• **Problem requirements**
Leave the images out and repeat the data exactly as given.

• **Collected material**
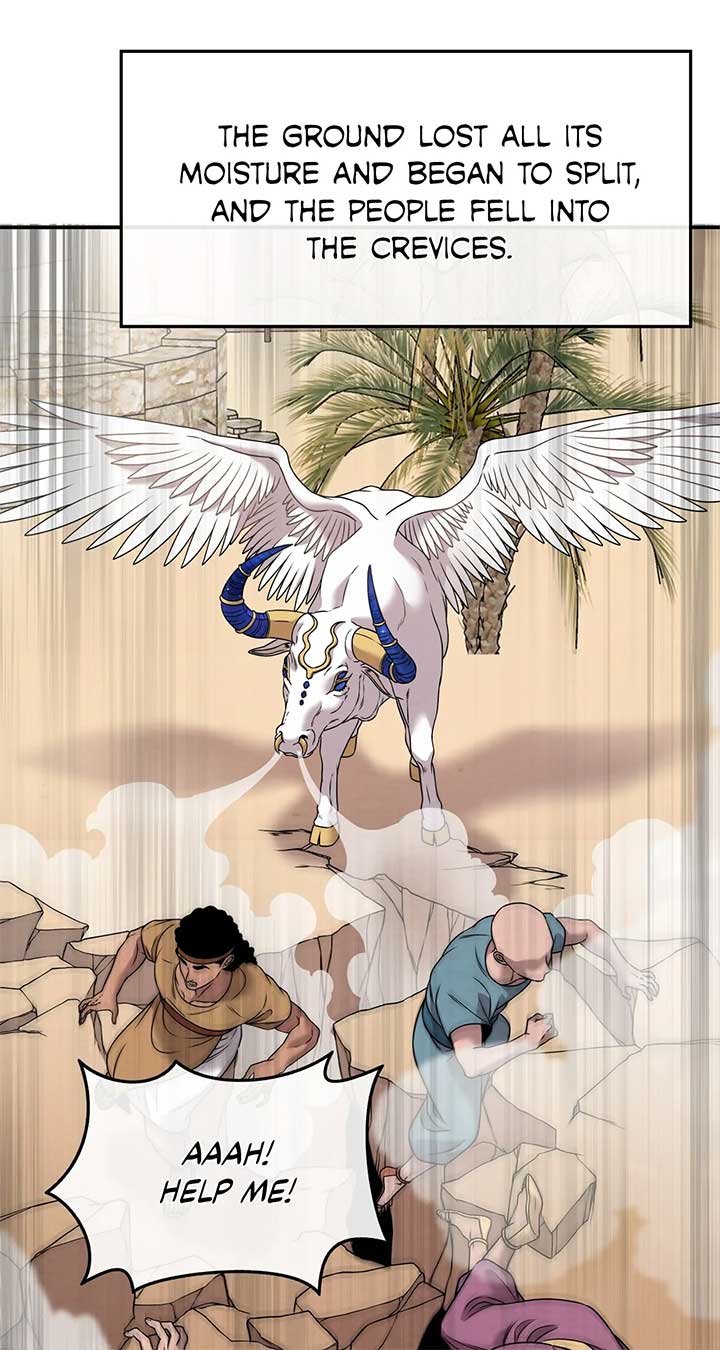Mesopotamian Mythology of Hongkki Chapter 37 - Page 33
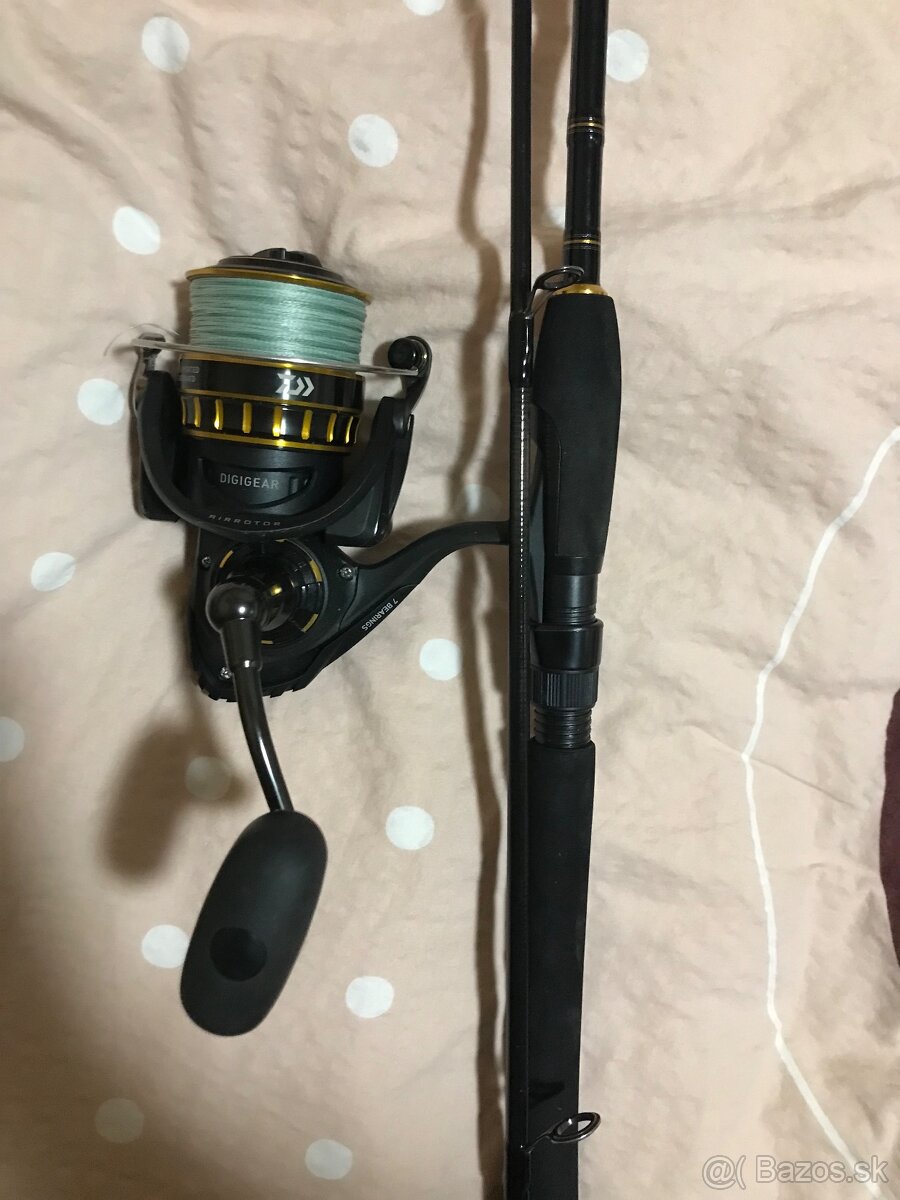 Daiwa privlacova zostava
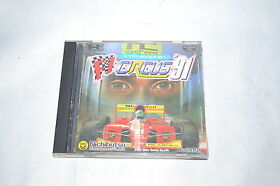 Nec PC Engine Hu Card F1 Circus '91 NTSC-J Japan version HC62001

• **Exercise solution**
Mesopotamian Mythology of Hongkki Chapter 37 - Page 33
 Daiwa privlacova zostava
 Nec PC Engine Hu Card F1 Circus '91 NTSC-J Japan version HC62001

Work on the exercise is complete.